The report attributed the surplus to the higher indirect tax collections which till July rose a healthy 39 percent and a massive decline in crude prices.

It can be noted that with crude oil falling to a near seven-year low and trading around USD 43 a barrel. This can lead to a total savings of Rs 18,750 crore in oil subsidies alone.

The report said due to multiple factors which among other things include the slowdown in China, nuclear deal with Iran and strengthening of US dollar, the crude prices will remain depressed.

Sinha said the government should use this additional revenue for higher capex on infrastructure and/or recapitalisation of public sector banks.

"If a part of the surplus, say Rs 10,000 crore, is used for bank recapitalisation, its multiplier effect will significantly support growth and strengthen bank balance sheet, he added.

The agency also expects significant upside to the budgeted amount with respect to excise duty collection mainly because of the increase in the excise duty on petroleum products between November 2014 and January 2015 and withdrawal of excise duty exemption on auto and other consumer durables from January 2015.

The excise duty collection grew by 81 percent in first quarter against the budgeted 21.7 percent.

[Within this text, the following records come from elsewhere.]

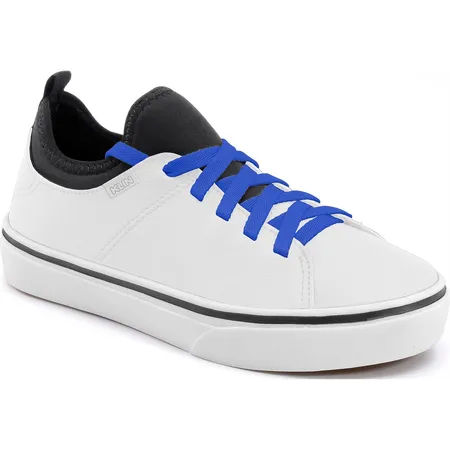 Tênis Infantil Klin Casual Branco Com Cadarço Amarelo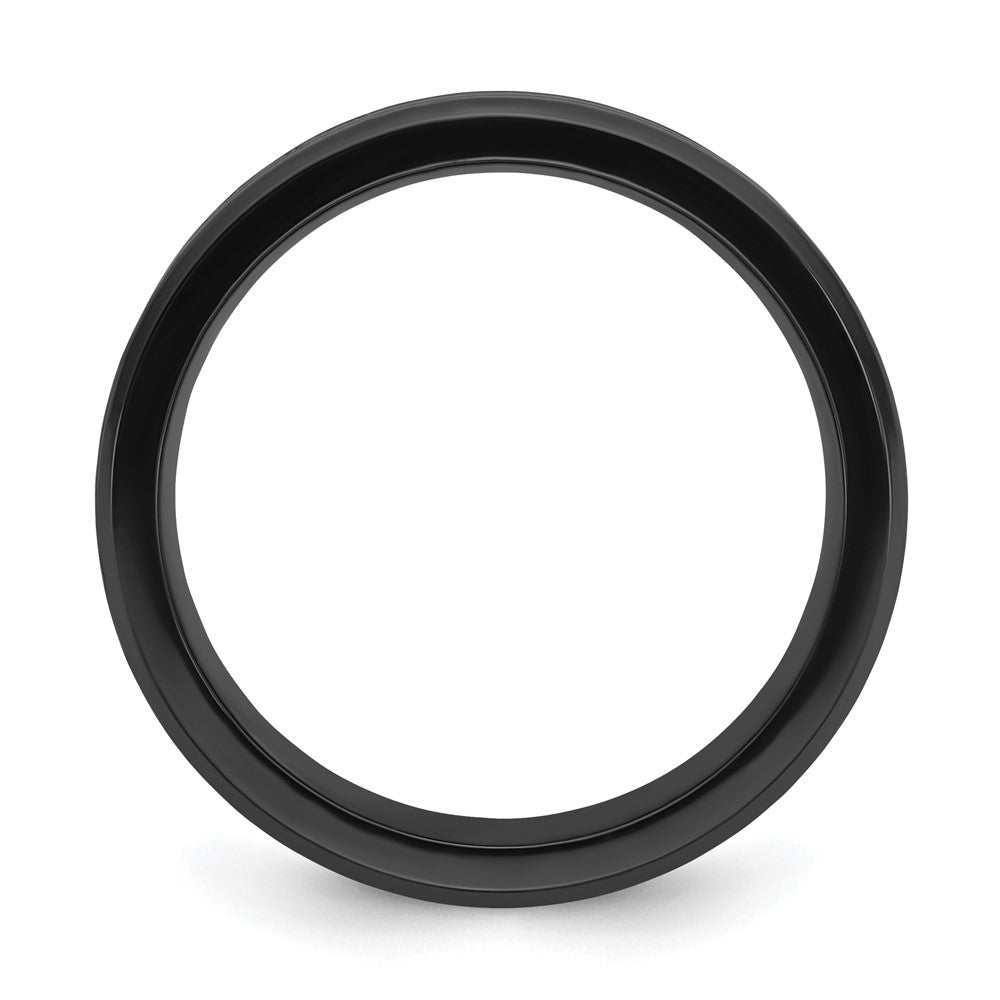 Black Zirconium Polished with Wood Inlay Center 8mm Band- Sparkle & Jade-SparkleAndJade.com 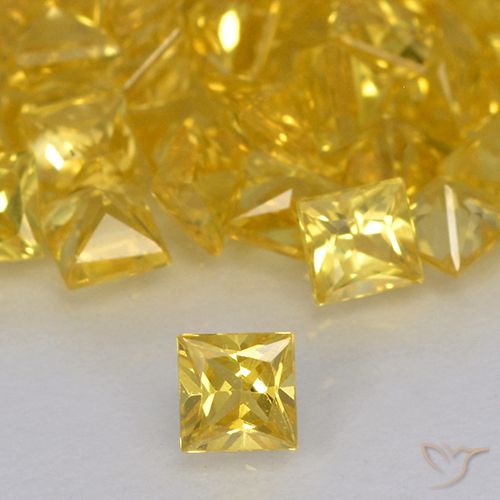 0.15ct Natürlicher Golden Saphir, Quadrat, VVS-VS
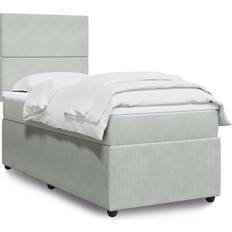 vidaXL Ramsäng Med Madrass Ljusgrå 100x200 cm Kontinentalsäng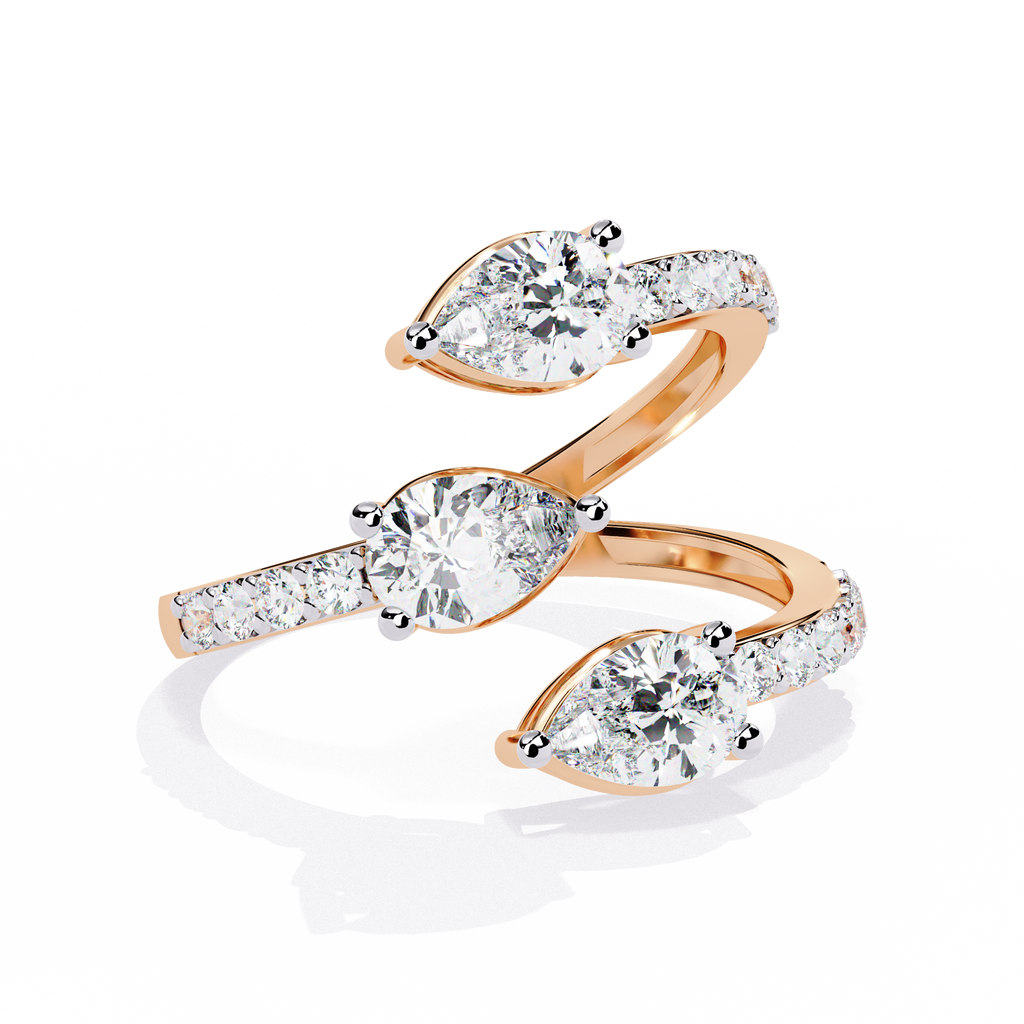Pear Cut Spiral Lab Grown Diamond Ring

But the report warned such a higher growth in excise duty mop up may not be possible throughout the year. It estimates the total additional collection could be Rs 53,300 in 2015-16.

Similarly, the record high dividend payout of close to Rs 65,896 crore by the Reserve Bank, which is more than Rs 9,090 crore from budgeted under the head 'dividend/surplus of RBI, nationalised banks and financial institutions'.

On August 14, the Reserve Bank had paid a dividend of nearly Rs 65,896 crore to the government, the highest ever from the central bank in its 80-year history, and 22 percent more than it paid last year. This was also the four-times more than in the past four years.

But the report has warned of some slippages as well with the most of it coming from disinvestment front. Against the target of Rs 69,500 crore so far it could collect only around Rs 13,000 crore. And with the market going the way it is it is unlikely that the target is more likely to be missed than met.

The report also warned that the food subsidy may again overshoot the budgeted amount by Rs 4,480 crore.

Similarly, the government has been failing to meet its direct tax mop -up so far. With banks and other large corporations bleeding, this will be an uphill task for the revenue department.

The net direct tax collections grew a modest 6.44 percent against a target of 18 percent, in the June quarter, raising doubts over the ambitious Rs 6.7-trillion target set for the current fiscal year. In absolute terms, this was Rs 89,705 crore against Rs 84,274 crore a year ago. In Q1 of last fiscal the growth rate was a whopping 47 percent.

While personal income tax grew at a healthy 18.5 percent to Rs 46,903 crore in Q1. Corporation tax inched up only 7.8 percent to Rs 76,115 crore and wealth tax jumped 50 percent to Rs 48 crore. But securities transaction tax slipped 2.8 percent to Rs 926 crore during the first quarter.

Gross direct tax collections grew 11.52 percent to Rs 1,23,993 crore from Rs 1,11,183 crore. Last year, gross direct tax mop-up grew 6.77 percent in the first quarter.